Landscape painter Charles De Wolf Brownell was born in Providence, Rhode Island, but at the age of two his family relocated to Hartford, Connecticut. Brownell’s parents prepared him for a career in law, and in 1843 he was admitted to the Connecticut bar. He served as a barrister for ten years, but after a debilitating congestive attack of the lungs, at the urging of his friend, landscape painter and daguerreotypist Henry Bryant, Brownell decided to pursue a less-stressful career in the arts, a desire which he had privately harbored for many years. He sought training locally, studying in Hartford with artists Julius Theodore Busch and Joseph C. Ropes for an unknown length of time, and he often traveled with Bryant on sketching trips throughout the Connecticut Valley. He maintained a studio in Hartford until 1860, when he left for New York City, hoping to translate his success to a larger arena.
Once in New York, Brownell’s career began to accelerate. He quickly became acquainted with a number of the artists associated with the Hudson River School, including John F. Kensett, Thomas P. Rossiter, and especially Frederic Edwin Church. Brownell had admired Church, himself a celebrated son of Hartford, for many years. On only his second day in New York, Brownell visited Church at his studio, and had lunch with the venerable artist. They quickly became lifelong friends.

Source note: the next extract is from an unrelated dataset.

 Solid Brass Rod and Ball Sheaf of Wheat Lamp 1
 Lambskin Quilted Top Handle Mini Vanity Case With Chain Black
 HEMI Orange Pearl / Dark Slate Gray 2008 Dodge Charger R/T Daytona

Brownell exhibited in New York at such institutions as the National Academy of Design, in 1861–62 and 1864–65, and at the Brooklyn Art Association, in 1863. Brownell seems to have stopped exhibiting after 1865. This can be explained by the fact that immediately following the Civil War, Brownell and his fiancée, Henrietta Pierce, left for Bristol, Rhode Island, and were married shortly thereafter. Brownell remained in Bristol, painting little, until 1871, when he and his family left for a seven-year excursion to Europe, where he executed a number of paintings of European subjects. After their long sojourn, the Brownells returned to Bristol, where Brownell painted, and apparently thought little of exhibiting, for the rest of his life.
Brownell seems to have been eternally restless, for he continued traveling until the last years of his life. In the 1880s, he traveled throughout the Caribbean, including the islands of St. Kitts, Antigua, Martinique, St. Croix, Barbados, Grenada, and Trinidad, and in 1888 he made a visit to Church at Olana, Church’s famous estate in Hudson, New York. In the 1890s, Brownell made a return trip to Cuba, his first since 1866, and voyaged to Mexico, Jamaica, Venezuela, and Chile. The peripatetic Brownell only slowed down in 1908, after over 60 years of constant travel, when his health began to fail and he broke his hip. He died the following year.

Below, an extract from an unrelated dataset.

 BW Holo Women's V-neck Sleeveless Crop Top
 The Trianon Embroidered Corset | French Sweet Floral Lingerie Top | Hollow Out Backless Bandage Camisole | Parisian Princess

Brownell’s most distinctive works are his landscapes of Cuba. Beginning in 1853, while he was suffering from his respiratory illness, Brownell spent seven consecutive winters in Cuba, staying on several sugar plantations owned by his mother’s family, the eminent De Wolfs of Bristol. While in Cuba, Brownell lived a transient lifestyle, staying for short periods on each of the various plantations. He made numerous charcoal and oil sketches, which he later translated into finished canvases. Brownell thus is perhaps the mid-19th-century American artist most closely associated with Cuba.
Brownell made his first trip to Cuba in 1853, the same year Church first traveled to South America, a fact that reveals the similar temperaments of these two artists. It is fitting that Brownell and Church formed such a strong and lasting friendship, for both artists made repeated travels to Latin American countries throughout their lives and shared their experiences through their correspondence.
Brownell’s repeated visits to Cuba demonstrate his affection for, and interest in, its landscape. He particularly favored the area around Matanzas, the capital of Matanzas Province, located about 30 miles east of Havana, on the northern shore of Cuba. Matanzas was intensively developed during the first half of the 19th century as a slave and shipping port for the area’s sugar plantations.